They are distinct from GPUs (which are commonly used for the same role) in that they lack any fixed function units for graphics, and generally focus on low-precision arithmetic.

History

Computer systems have frequently complemented the CPU with special purpose accelerators for intensive tasks, most notably graphics, but also sound, video, etc. Over time various accelerators have appeared that have been applicable to AI workloads.

Early attempts

In the early days, DSPs (such as the AT&T DSP32C) have been used as neural network accelerators e.g. to accelerate OCR software,[2] and there have been attempts to create parallel high throughput systems for workstations (e.g. TetraSpert in the 1990s, which was a parallel fixed point vector processor[3]), aimed at various applications including neural network simulations.[4] ANNA was a neural net CMOS accelerator developed by Yann LeCun.[5] There was another attempt to build a neural net workstation called Synapse-1[6] (not to be confused with the current IBM SyNAPSE project).

Heterogeneous computing

Architectures such as the Cell microprocessor (itself inspired by the PS2 vector units, one of which was tied more closely to the CPU for general purpose work) have exhibited features significantly overlap with AI accelerators - in its support for packed low precision arithmetic, dataflow architecture, and prioritising 'throughput' over latency and "branchy-int" code. This was a move toward heterogeneous computing, with a number of throughput-oriented accelerators intended to assist the CPU with a range of intensive tasks: physics-simulation, AI, video encoding/decoding, and certain graphics tasks beyond its contemporary GPUs.

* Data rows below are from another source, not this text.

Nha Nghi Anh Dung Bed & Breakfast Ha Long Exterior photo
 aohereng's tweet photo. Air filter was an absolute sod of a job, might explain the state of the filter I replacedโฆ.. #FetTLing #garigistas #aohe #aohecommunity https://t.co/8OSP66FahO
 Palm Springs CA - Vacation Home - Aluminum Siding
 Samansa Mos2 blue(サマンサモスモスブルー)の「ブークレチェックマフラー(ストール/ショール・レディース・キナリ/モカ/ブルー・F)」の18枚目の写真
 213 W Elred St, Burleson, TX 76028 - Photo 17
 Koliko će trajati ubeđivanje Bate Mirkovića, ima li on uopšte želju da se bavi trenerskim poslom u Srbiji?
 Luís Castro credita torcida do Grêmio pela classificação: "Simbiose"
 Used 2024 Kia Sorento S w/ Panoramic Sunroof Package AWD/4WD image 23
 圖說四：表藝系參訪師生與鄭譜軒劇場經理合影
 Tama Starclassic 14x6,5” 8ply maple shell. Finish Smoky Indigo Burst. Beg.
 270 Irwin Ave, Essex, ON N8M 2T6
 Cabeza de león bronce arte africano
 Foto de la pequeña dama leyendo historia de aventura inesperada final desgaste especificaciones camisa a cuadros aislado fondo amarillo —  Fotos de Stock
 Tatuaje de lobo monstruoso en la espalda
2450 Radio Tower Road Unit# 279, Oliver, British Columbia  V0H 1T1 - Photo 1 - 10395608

The Physics processing unit was yet another example of an attempt to fill the gap between CPU and GPU in PC hardware, however physics tends to require 32bit precision and up, whilst much lower precision can be a better tradeoff for AI.[7]

CPUs themselves have gained increasingly wide SIMD units (driven by video and gaming workloads) and increased the number of cores in a bid to eliminate the need for another accelerator, as well as for accelerating application code. These tend to support packed low precision data types.[8]

Use of GPGPU

Innovative software appeared using vertex and pixel shaders for general purpose computation through rendering APIs, by storing non graphical data in vertex-buffers and texture maps (including implementations of convolutional neural networks for OCR[9]),[10] Vendors of graphics processing units subsequently saw the opportunity and generalised their shader pipelines with specific support for GPGPU, mostly motivated by the demands of video game-physics but also targeting scientific computing.[11]

This killed off the market for a dedicated physics accelerator, and superseded Cell in video game consoles,[12] and eventually led to their use in running convolutional neural networks such as AlexNet (which exhibited leading performance the ImageNet Large Scale Visual Recognition Challenge).[13]

As such, as of 2016 GPUs are popular for AI work, and they continue to evolve in a direction to facilitate deep learning, both for training[14] and inference in devices such as self-driving cars.[15] - and gaining additional connective capability for the kind of dataflow workloads AI benefits from (e.g. NVidia NVLink).[16]

Use of FPGA

Deep learning frameworks are still evolving, making it hard to design custom hardware. Reconfigurable devices like Field-programmable gate arrays (FPGA) make it easier to evolve hardware, frameworks and software alongside each other.[17]

Microsoft has used FPGA chips to accelerate inference.[18][19] This has motivated Intel to purchase Altera with the aim of integrating FPGAs in server CPUs, which would be capable of accelerating AI as well as other tasks.[citation needed]

Use of ASIC

Whilst GPUs perform far better than CPUs for these tasks, a factor of 10 in efficiency[20][21] can still be gained with a more specific design, via an application-specific integrated circuit (ASIC).

Memory access pattern

The memory access pattern of AI calculations differs from graphics: a more predictable but deeper dataflow, benefiting more from the ability to keep more temporary variables on-chip (e.g. in scratchpad memory rather than caches); GPUs by contrast devote silicon to efficiently dealing with highly non-linear gather-scatter addressing between texture maps and frame-buffers, and texture filtering, as is needed for their primary role in 3D rendering.

Precision

AI researchers are often finding minimal accuracy losses whilst dropping to 16 or even 8 bits,[7] suggesting that a larger volume of low precision arithmetic is a better use of the same bandwidth. Some researchers have even tried using 1bit precision (i.e. putting the emphasis entirely on spatial information in vision tasks).[22] IBM's design is more radical, dispensing with scalar values altogether and accumulating timed pulses to represent activations stochastically, requiring conversion of traditional representations.[23]

Nomenclature

As of 2016, the field is still in flux and vendors are pushing their own marketing term for what amounts to an "AI accelerator", in the hope that their designs and APIs will dominate. There is no consensus on the boundary between these devices, nor the exact form they will take, however several examples clearly aim to fill this new space, with a fair amount of overlap in capabilities.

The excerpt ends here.